Choosing an MPSC Queue for a Centralized Trading Engine

I started this trading engine with three constraints in mind:

A centralized engine
Supports multiple strategies
Low latency

Benchmark code repo: github.com/junhjang/nonblocking-dispatch-bench

Strategies run as separate processes so they stay isolated and observable. Each venue gateway also runs on its own thread, so a slow or broken venue does not block other venues.

The Order Engine, simplified, has two layers: Orchestrator and Gateway. The real engine has more layers, but by role they group into these two. A gateway is created per (Venue, Credential). The Orchestrator is the central event loop every order passes through. Risk check, position tracking, and kill switch all sit in one place, and observability also ends there.

Strategies are isolated as processes. The Orchestrator and Gateways are threads in the same process, pinned to cores.

Following the pipeline, there are four hand-off points:

submit_q (strategy → orchestrator): N → 1, MPSC
gateway_inbox (orchestrator → gateway X): 1 → 1, SPSC. One per gateway (M total)
completion_q (gateway → orchestrator): M → 1, MPSC
return_q (orchestrator → strategy Y): 1 → 1, SPSC. One per strategy (N total)

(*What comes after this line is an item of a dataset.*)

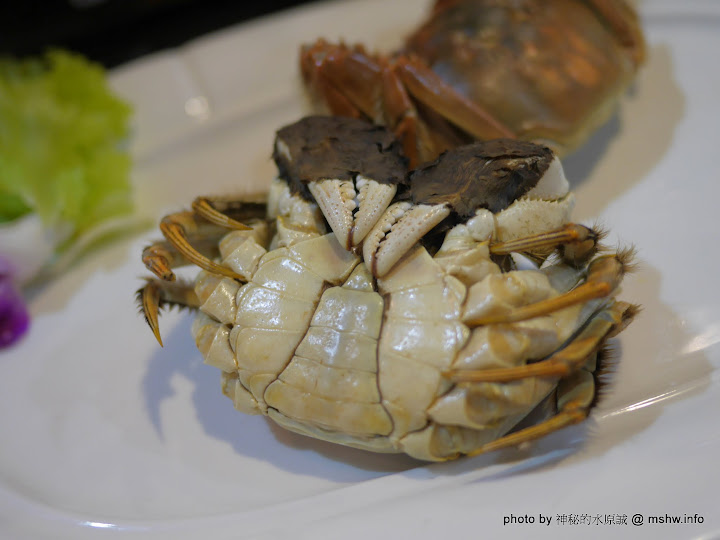 【食記】台中海鮮-拾八鮮原味海鮮燒物@南屯惠文國小&惠來公園 : 鮮味滿點好食在,台中聚餐下酒.晚餐宵夜新選擇! 區域 南屯區 台中市 台式 合菜 宵夜 居酒屋 晚餐 海鮮 火鍋/鍋物 生魚片 飲食/食記/吃吃喝喝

Contention happens at #1 and #3, the two MPSC spots. These are what this benchmark measures.

1. Non-blocking candidates

I picked 4 candidates. They are the common choices for MPSC hand-off in Rust.

Candidate	Structure	lock-free?	bounded?
① std::sync::mpsc	linked list, MPSC	both	unbounded
② crossbeam-channel	array ring, MPMC	both	bounded
③ ArrayQueue	array ring, MPMC	YES	bounded
④ per-producer SPSC + mux	N SPSC rings	YES	bounded

Terms you will see often

lock-free: many threads can touch the same data structure at once without locks, safely. Done with atomic ops.
atomic op: an op that cannot be cut in the middle. The CPU handles it in one shot.
CAS (Compare-And-Swap): an atomic op that says "if memory holds X, change it to Y". If many threads try at once, only one wins; the rest see the failure.
park: the OS putting a thread to sleep. The thread uses no CPU time and waits to be woken up.
ring: a fixed-size array that wraps back to the start when it reaches the end. Marked as ↺ in the tables and figures.
both (in the table): supports a lock-free call (fails fast) and a blocking call (parks until a slot opens). YES means lock-free only.

① std::sync::mpsc

linked nodes (heap-allocated), unbounded

→

●

→

●

→

●

→

Pros: Rust standard library (no external crate), unbounded (push is never refused)
Cons (latency): allocates per block (not per push, but still a cost); pop chases pointers across the heap and hits cache misses

P calls push

↓

alloc new node from heap (per-block, amortized)

↓

atomic link to list tail (CAS)

② crossbeam-channel

bounded ring inside channel wrapper

→

channel wrapper

●

↺

+ park / select / timeout

→

Pros: supports blocking, select, and timeout. The inner ring is the same algorithm family as ③
Cons (latency): this bench uses only non-blocking push, but every call still goes through the wrapper machinery (notify, etc). You pay for features you do not use

P calls push

↓

CAS on ring tail (claim slot + write value)

↓

wrapper notify machinery (check sleeping receivers, unused but always traversed)

↓

return Ok or Err(Full)

③ crossbeam_queue::ArrayQueue

bare bounded ring (same shape, no wrapper)

→

●

↺

CAS only, no park

→

Pros (latency): one call = one CAS. No wrapper, so push/pop cost is minimal
Cons: no blocking call. The caller has to handle backpressure

P calls push

↓

CAS on ring tail (claim slot + write value)

↓

return Ok or Err(Full)

④ per-producer SPSC + mux

N bounded SPSC rings, consumer scans all

→

ring 1

→

ring 2

→

ring 3

→

C scans N

Pros (latency): producers never touch the same atomic, so push contention is zero and latency is stable
Cons (latency): the consumer has to scan N queues each loop, so pop latency grows with N

each P does atomic store to own ring tail (no CAS needed, SPSC)

↓

isolated from other producers' atomics, so push contention is zero

↓

consumer peeks N rings sequentially (round-robin)

2. Experiment setup

The bench mimics a real trading setup but does not talk to a real exchange. Each venue is abstracted as a single delay D. When an order arrives at a gateway, it is held for D ~ Uniform(5ms, 500ms) and then returned. This rolls the network and matching-engine round trip into one distribution.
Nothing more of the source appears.